Yet asked whether the financial crisis had shaped aspects of both superannuation technology and administration beyond the short term, Campbell’s response was firmly negative.

“The global financial crisis (GFC) should not have affected anything except the amounts of money available to support superannuation funds, and that due to reductions in asset values, obtaining greater data quality has always been a worthwhile issue, as the cost of getting it right could be 1 per cent or 5 per cent of the cost of leaving data incorrect.

“There will always be something worthwhile to do to improve the operations of superannuation and similar funds,” Campbell continued. “We need to continue to meet the aspirations of our clients and prospects and better help them achieve their objectives.

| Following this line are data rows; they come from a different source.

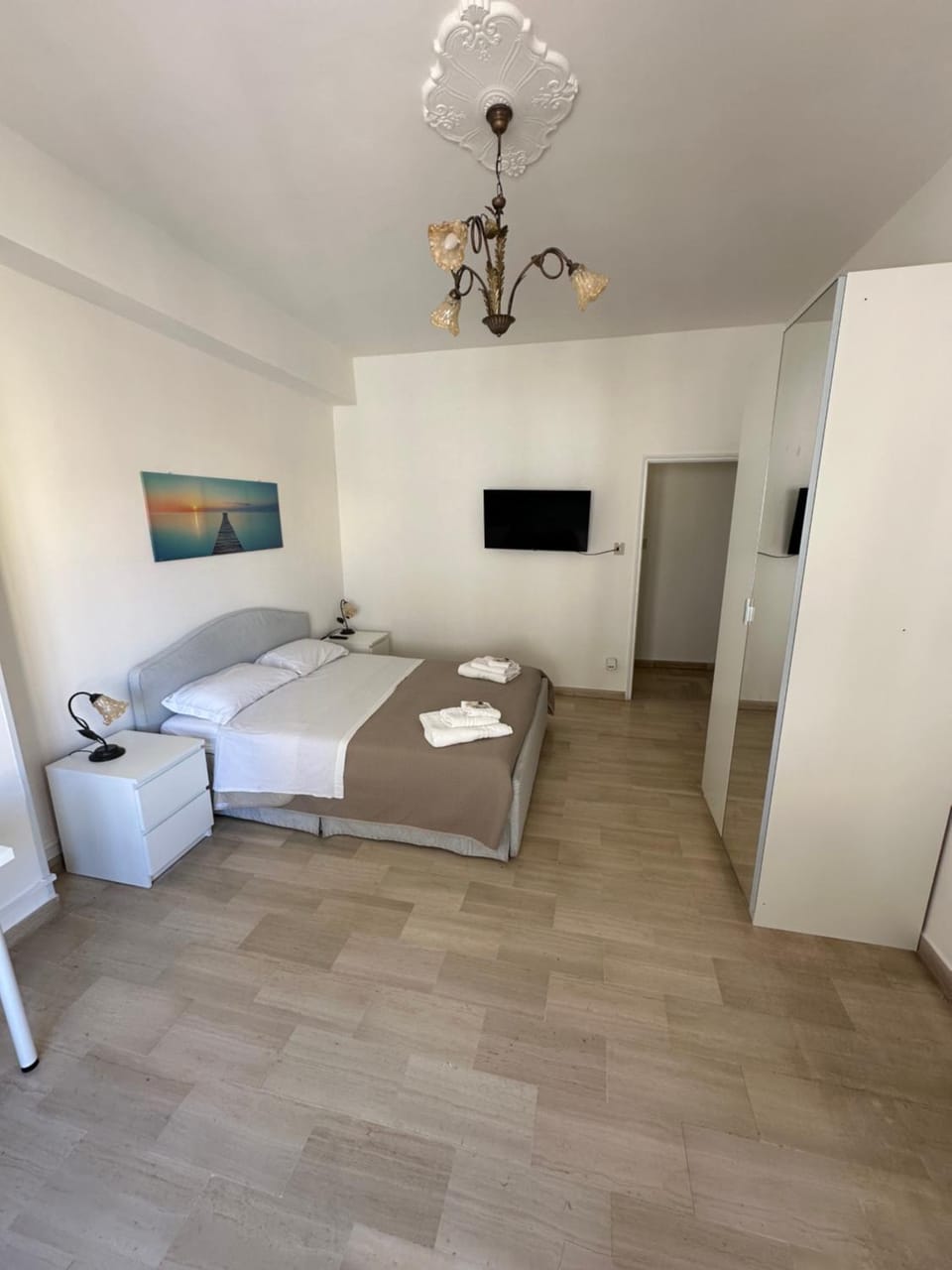 Bed, TV and multimedia, Photo of the whole room, wardrobe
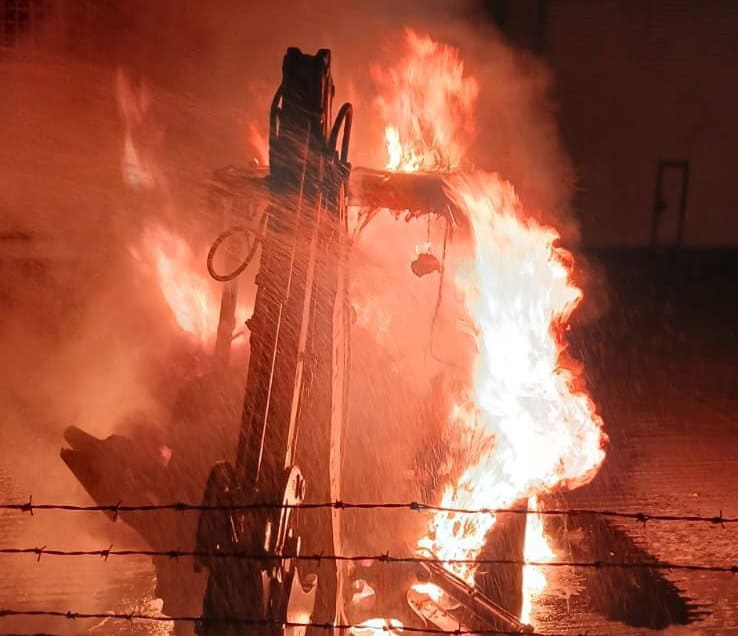 Fuego en M&uacute;zquiz: Eduardo N pierde retroexcavadora en incendio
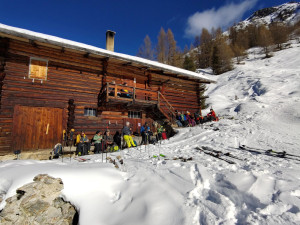 img_20220130_122526.jpg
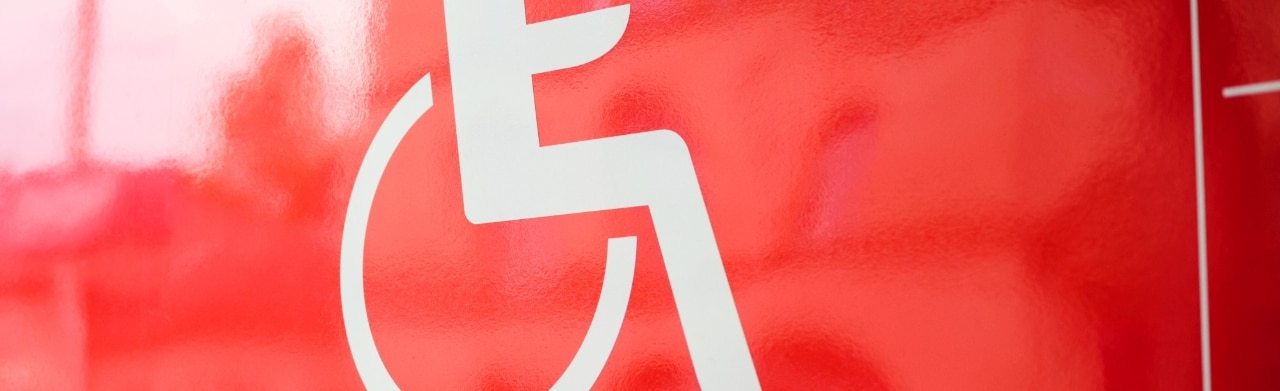 Rollstuhl-Symbol an einem Regio-Zug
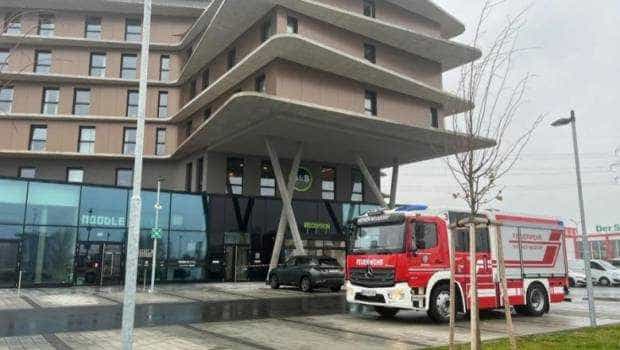 Un elev român plecat în excursie cu clasa în Austria a fost găsit mort în fața hotelului în care era cazat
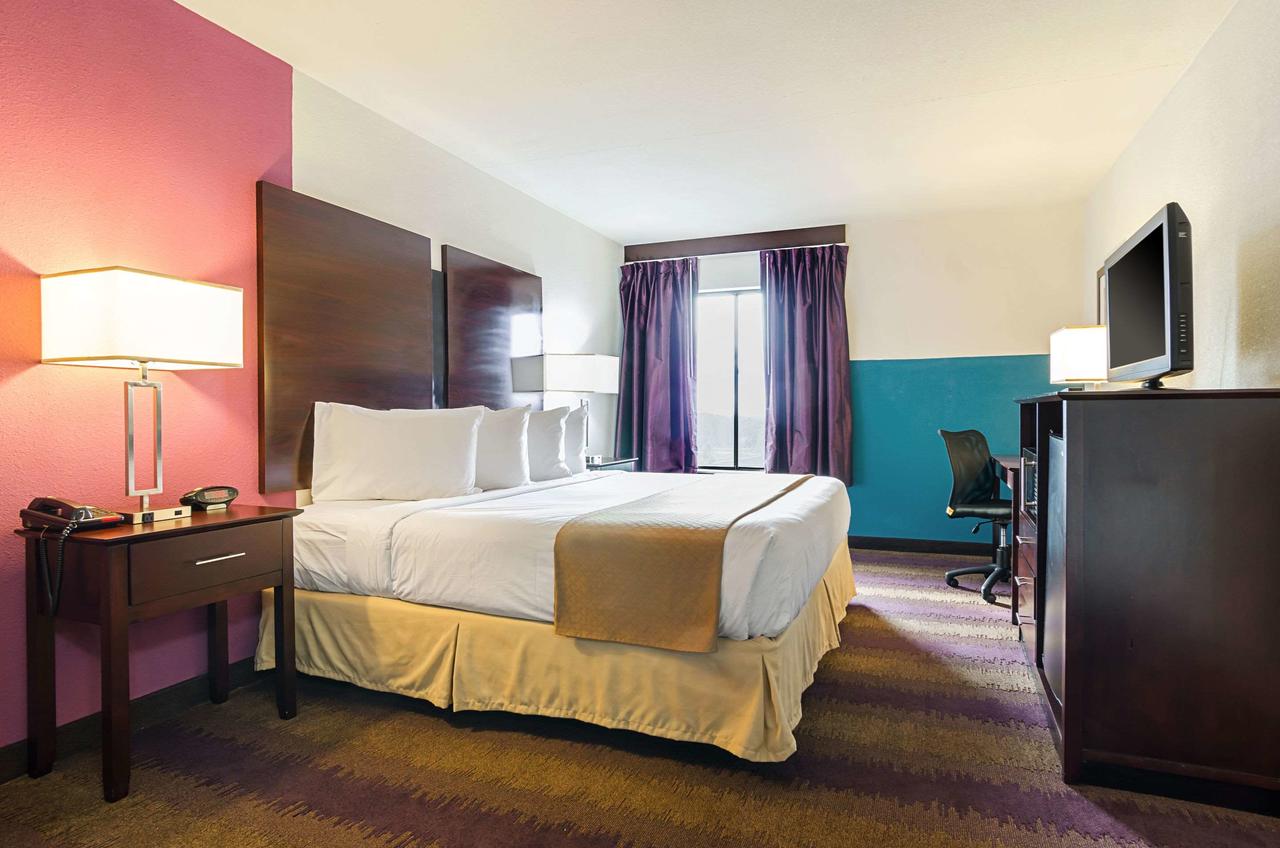 Quality Inn West End - thumb 18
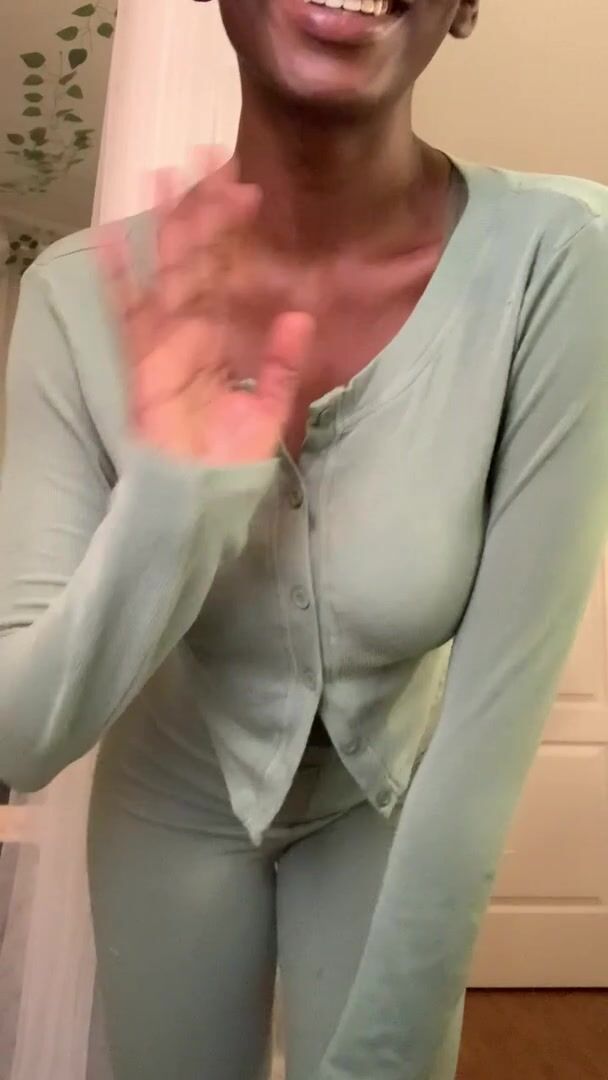 Your busty fucktoy ready to serve ????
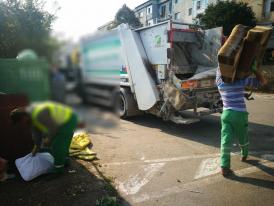 Constanţa Intervenţie a poliţiştilor locali şi a angajaţilor Polaris M Holding, în cartierul Anadalchioi. Adăpost improvizat, dezafectat (galerie foto)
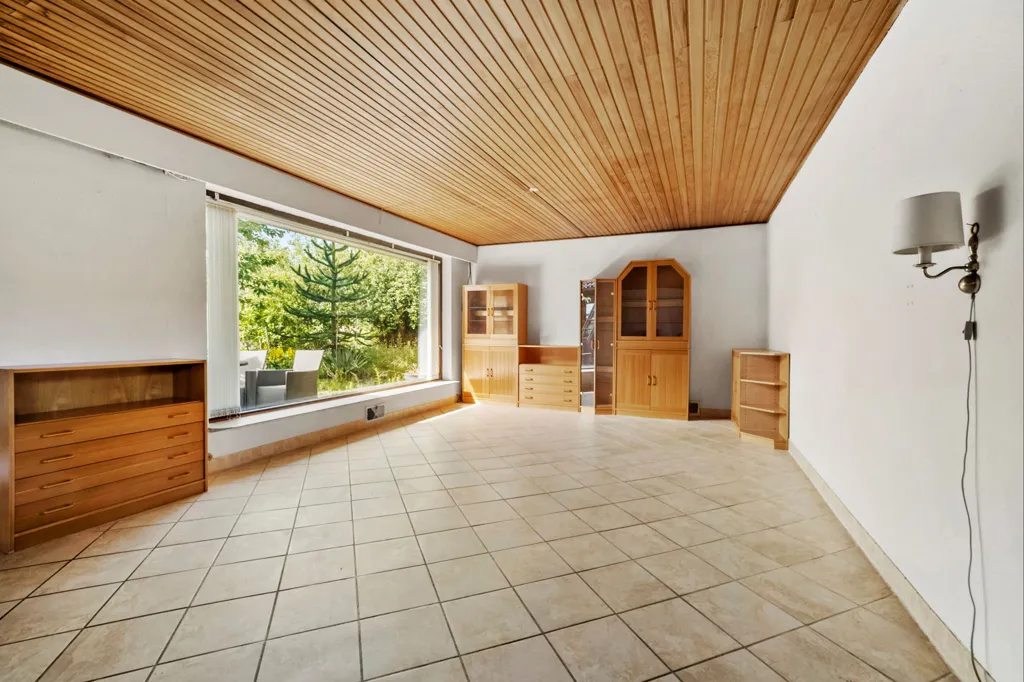 Elutuba - Large Villa for Modernisation in Albertslund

“Helping our clients industrialise the delivery of their services will help in achieving our clients’ objectives.”

Also seeing aspects of administration and technology highlighted rather than directly affected by the financial crisis, Beck pointed to efficiency as taking centre stage.

“Where the value of investments has changed, the GFC has highlighted how important it is for administrators to be efficient and to process efficiently,” he said.

“In the past, if there was a delay in making a payment, it didn’t make such a difference.

“But when the market is in a nose dive, a couple of days’ worth of delays can have a significant impact,” Beck continued. “The onus is on administrators to get things right.

“They have to set service standards and then they have to meet them.”

For his part, Mathieson had no doubts that the GFC would have a long-term legacy.

“It happens every time,” he said. “Things are rosy when people are getting good returns but processes get sloppy.

“Any market correction brings with it the realisation that you have to rid yourself of that sloppiness,” Mathieson continued. “And the resolution must be to be stronger and more efficient going forward.”

The challenge of scale

Moving past the financial crisis and, as Mathieson recommends, past the impact it has had upon superannuation, the reality is that industry change is as much related to progression as it is to any external influence.

Consolidation underlines all activity in superannuation service provision and, in line with that, Dunstan’s belief is that scale continues to be the key ingredient.

“For years we’ve been saying that this is a scale game,” he said. “As a technology provider, you have to stay ahead of the technology, you have to stay ahead of the products and you have to stay ahead of legislation.

“And you can’t just do two out of three,” added Dunstan. “It has to be the lot and it just isn’t possible to do that as a smaller boutique.”

Adding weight to his argument, Dunstan pointed out that over the course of a year, Bravura would spend more on research and development than a lot of the smaller technology players turned over.

“From time to time, there will be some ‘whiz-bang’ new widget that comes on to the marketplace from one of those smaller players, but eventually the bigger players come in with the same stuff,” he said.

“And the difference is that the bigger players have the same stuff with better backing, better scale and a larger client base already behind them.

“That small player might be able to stay on top for a short window of time, but this is a long-term game.”

Of course, it isn’t just the smaller boutique providers of technology offering new products and solutions and battling with established players for market share.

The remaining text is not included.